Consider Taking Medication

If the symptoms are severe then medication may be a good option, particularly if they cause problems with your relationships or work life. Never stop taking any medication without first consulting with a doctor as it could have serious side effects.

Psychologists on Abandonment Issues

Some psychologists have proposed that fear of abandonment comes from being abandoned by one’s caregiver in early childhood. As a result, the individual never learned to rely upon themselves for comfort when they are sad or upset.
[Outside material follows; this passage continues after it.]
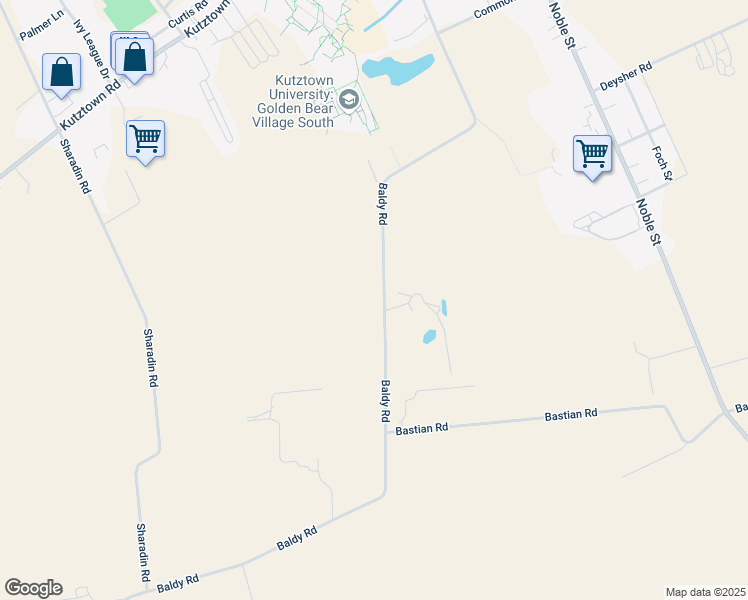 map of restaurants, bars, coffee shops, grocery stores, and more near 620 Baldy Road in Kutztown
They become overly reliant upon others to fill that role.

Other experts believe that people who suffer from abandonment issues typically come from abusive homes, and the fear of being abandoned is accompanied by feelings of unworthiness.

Still, other psychologists believe that when a person is abandoned in childhood, they will develop the feeling of being unworthy and unlovable. This belief follows them into adulthood and causes them to feel insecure with any individual who shows interest in getting closer than a casual friendship.

There are many different theories about why people suffer from abandonment issues but there is one thing that they all agree on: these issues can ruin your life if you don’t deal with them.

Conclusion

Abandonment is a common fear that can be triggered by the loss of relationships, social status, and self-esteem. If you feel like your abandonment issues are getting in the way of your life or happiness, it’s important to seek professional help. The good news is there are plenty of resources out there for all sorts of needs. So don’t give up on finding what will work best for you!